The exhibition also includes a description of J.D. Salinger’s life and profession written by Salinger himself, a rare glimpse into how Salinger viewed himself. The description was written as part of a 1982 legal document. The description reads, in part:

“I am a professional short-story writer and novelist. I write fiction and only fiction. For more than thirty years, I have lived and done my work in rural New Hampshire. I was married here and my two children were raised here. . . . I have been writing fiction rather passionately, singlemindedly, perhaps insatiably, since I was fifteen or so . . . I positively rejoice to imagine that, sooner or later, the finished product safely goes to the ideal private reader, alive or dead or yet unborn, male or female or possibly neither.”
 
"Generations of readers, including myself, have been captivated by the life-changing work of J.D. Salinger,” said New York Public Library President Anthony W. Marx. “As an institution that profoundly respects the cultural heritage of literature, works every day to spark a lifelong love of reading in our visitors, and encourages everyone to take a closer look at the world around them, The New York Public Library is excited and honored to present this unique look at the life of a writer who means so much to so many. We thank Matt Salinger for sharing a part of his father's important story."

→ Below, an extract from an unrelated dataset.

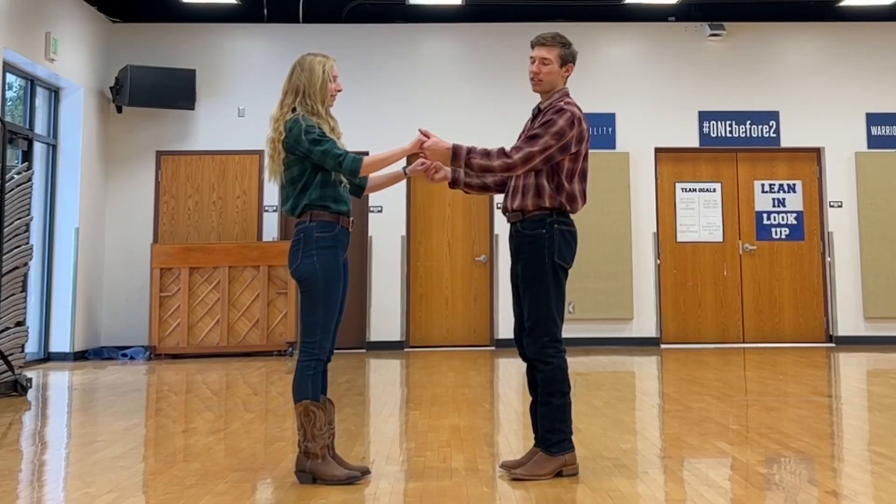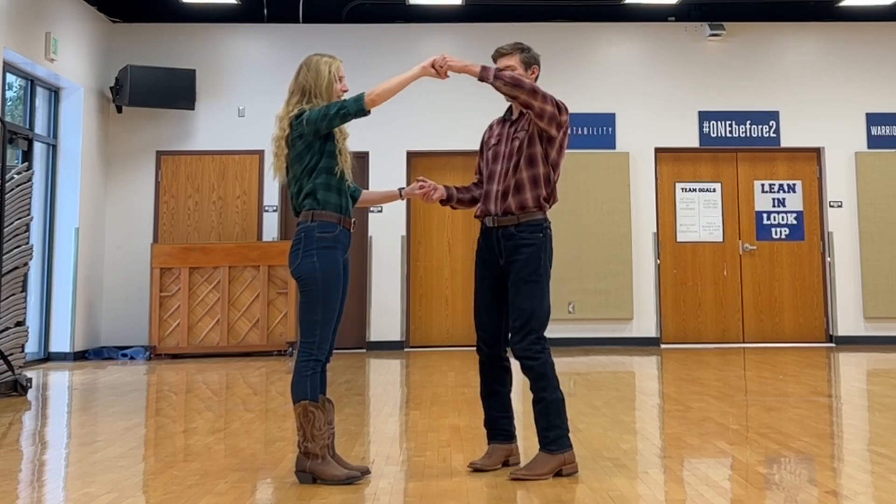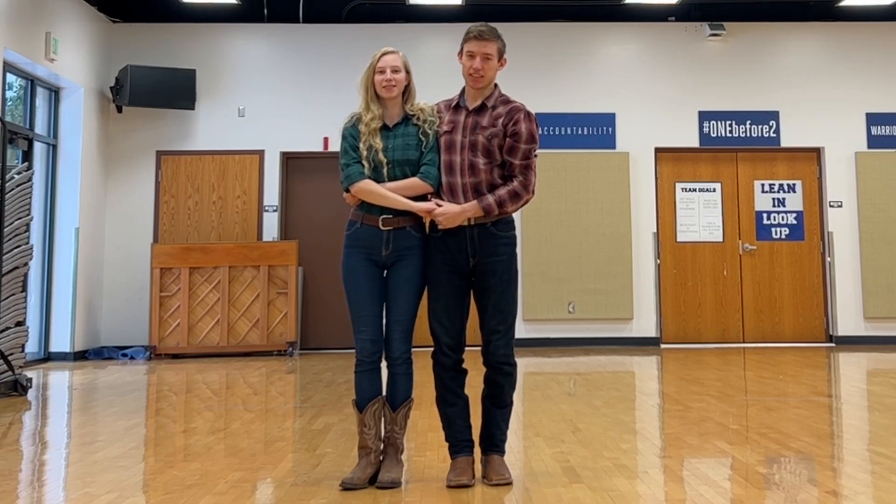Country swing cuddle. You're in the basic position. All the guy needs to do is raise his left arm, just the woman's right, turn her in, and catch her like this. That's the cuddle.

"When my father’s long-time publisher, Little, Brown and Company, first approached me with plans for his Centennial year my immediate reaction was that he would not like the attention,” said Matt Salinger. “He was a famously private man who shared his work with millions, but his life and non-published thoughts with less than a handful of people, including me. But I’ve learned that while he may have only fathered two children there are a great, great many readers out there who have their own rather profound relationships with him, through his work, and who have long wanted an opportunity to get to know him better. The Library has given us this opportunity, and while it is but a glimpse into my father’s life, it is my hope that lifting the veil a bit with this exhibition will throw some light on the man I knew and loved that will be welcomed by many. In short, while I’ve long respected and honored (and zealously protected) his privacy, I also have come to see the value in sharing a direct and uninterpreted glimpse of his life with those readers who want it, and who want to mark his 100th year in some personal way. The show may also help introduce his fiction (beyond The Catcher in the Rye) to some new readers, as I agree with him: that the best way to get to know an author is to read his or her work!”

“This exhibition presents Salinger in his own words,” said Declan Kiely, New York Public Library Director of Special Collections and Exhibitions. “It provides fresh insight into his writing process, his views on the design and appearance of his books, his network of friendships with school and army buddies—some spanning over half a century—as well as with fellow authors and New Yorker magazine editors. Through his letters, photographs and personal possessions, this exhibition allows us to see Salinger from childhood to old age, revealing many facets of the writer: friend, father, grandparent, soldier, correspondent, spiritual seeker and, importantly, avid and eclectic reader—we shouldn’t forget that, in his youth, Salinger spent many hours reading at the New York Public Library and retained a lifelong affection for the Rose Main Reading Room. Many  of the objects on view in the exhibition are intensely poignant, most of them speak to a deep commitment to the life of the mind.”